One of the most widely used fertility drugs, Clomiphene is used to stimulate brain hormones in order to cause the release of an egg, or eggs, every month. If you are familiar with fertility drugs, you have most likely seen this under the brand names of Clomid and Serophene.
Clomifene-How Does It Clomifene Work?
Basically what Clomifene/Clomiphene does is that is sends signals to receptors which in turn tell the body to cease making oestrogen, as there may have been levels of oestrogen which inhibited menstruation. Once these levels are reduced then the pituitary gland should increase the production of follicle stimulating hormone (FSH) and this encourages the ovaries to ripen eggs making them ready to be released. This then results in higher levels of lutenising hormone which is the hormone which commands the ovaries to release, which in turn leads to a period being stimulated.
The actual name of the active ingredient is 2-[4-(2-chloro-1,2-diphenylethenyl]phenoxy)-N,N-diethyl-ethanamine. Clomifene is what is known as
a SERM – selective oestrogen receptor modifier.
The aim of this fertility drug is therefore to bring the woman’s cycle into one that is regular. A woman’s fertile time lasts for about three days each month, which is when the egg cell has been released from one of her ovaries and then makes its journey down the fallopian tube to the woman’s womb (uterus). By making a woman’s cycle more predictable and regular, her chances of conception are greatly increased.
With Clomifene achieving this can take on average, between four to six menstrual cycles. Ovulation tests can also be used in order to know when an egg has been released. These tests are little sticks, quite like pregnancy tests, where they are tested with a small amount of the woman’s urine.
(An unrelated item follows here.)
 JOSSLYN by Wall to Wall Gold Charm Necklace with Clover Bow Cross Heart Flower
Possible Side Effects of Clomifene
Clomifene can frequently cause the ovaries to release more eggs, each time, rather than just one single egg. This means that the chances of twins or multiples being conceived are greatly increased. Of course some people may consider this a good thing rather than a side effect. There are couples and women who see it as an opportunity to complete their family sooner rather than later.
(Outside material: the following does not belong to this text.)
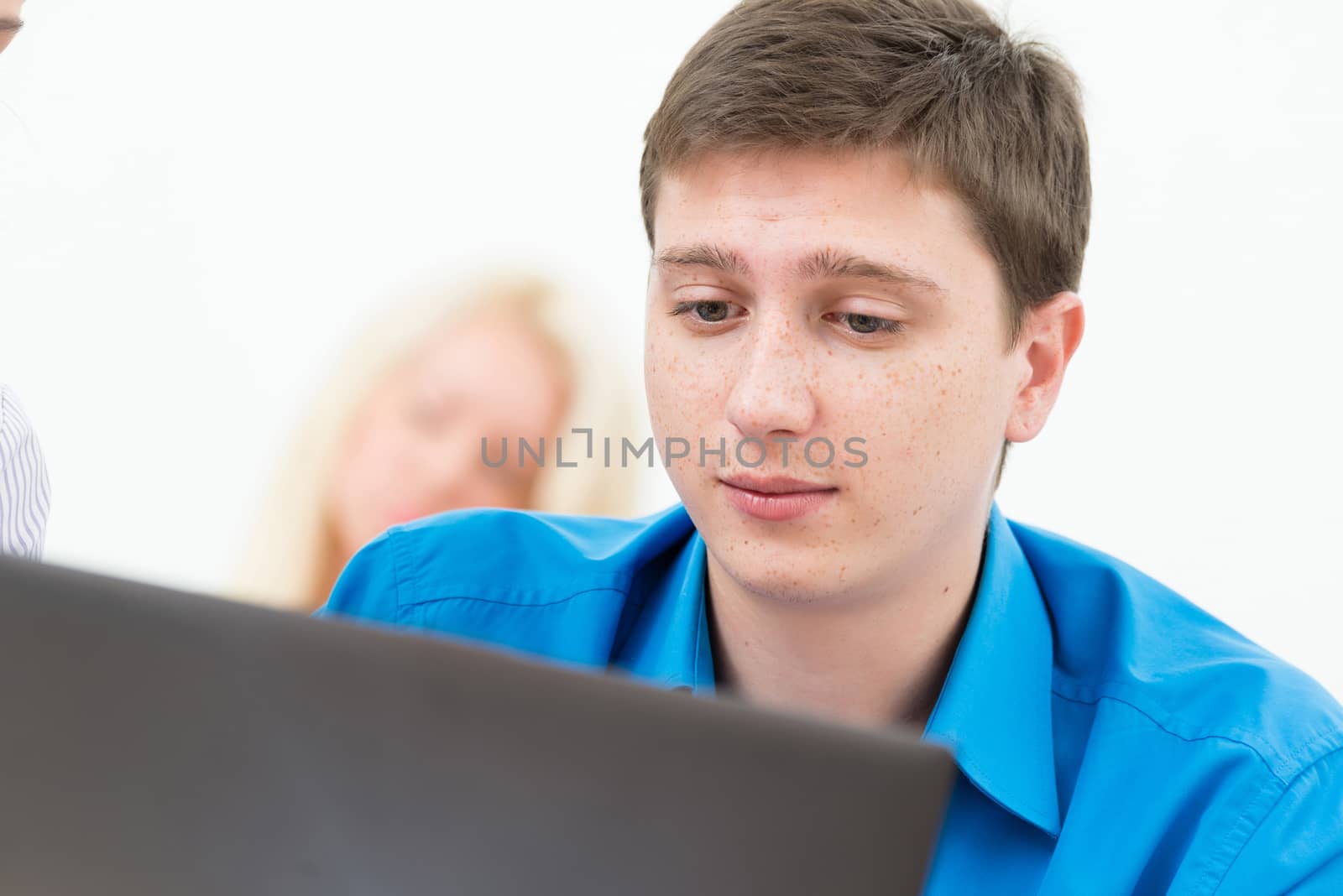 Portrait of a young student in the classroom, working with a laptop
However multiple pregnancies are considered to carry higher risks. This said, the vast majority of multiple pregnancies do result in the delivery of healthy babies. This type of fertility drug may not be suitable in cases however where the possible mother to be has certain health problems which may add to the risk factors associated with multiple pregnancies.
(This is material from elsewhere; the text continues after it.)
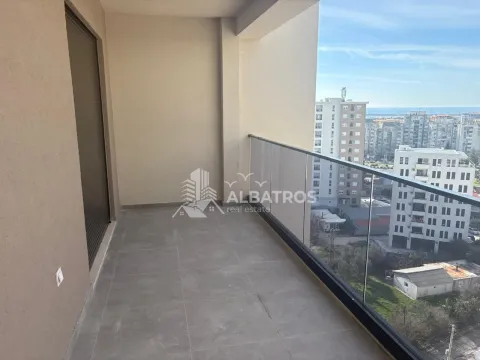Nenamješten balkon sa staklenom ogradom i pogledom na grad. - image 2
In general Clomifene has been used for over 30 years for the treatment of female infertility and has a robust safety record.
Other side effects that may be experienced when taking Clomifene are similiar to PMT and menopausal symptoms. These include bloating, abdominal cramps, hot flushes, visual issues such as blurring and depth perception changes.
Some women may develop ovarian cysts while taking Clomifene but these normally heal after the drug has been ceased. There are rarer side effects also such as spotting, nausea, vomiting and alopecia.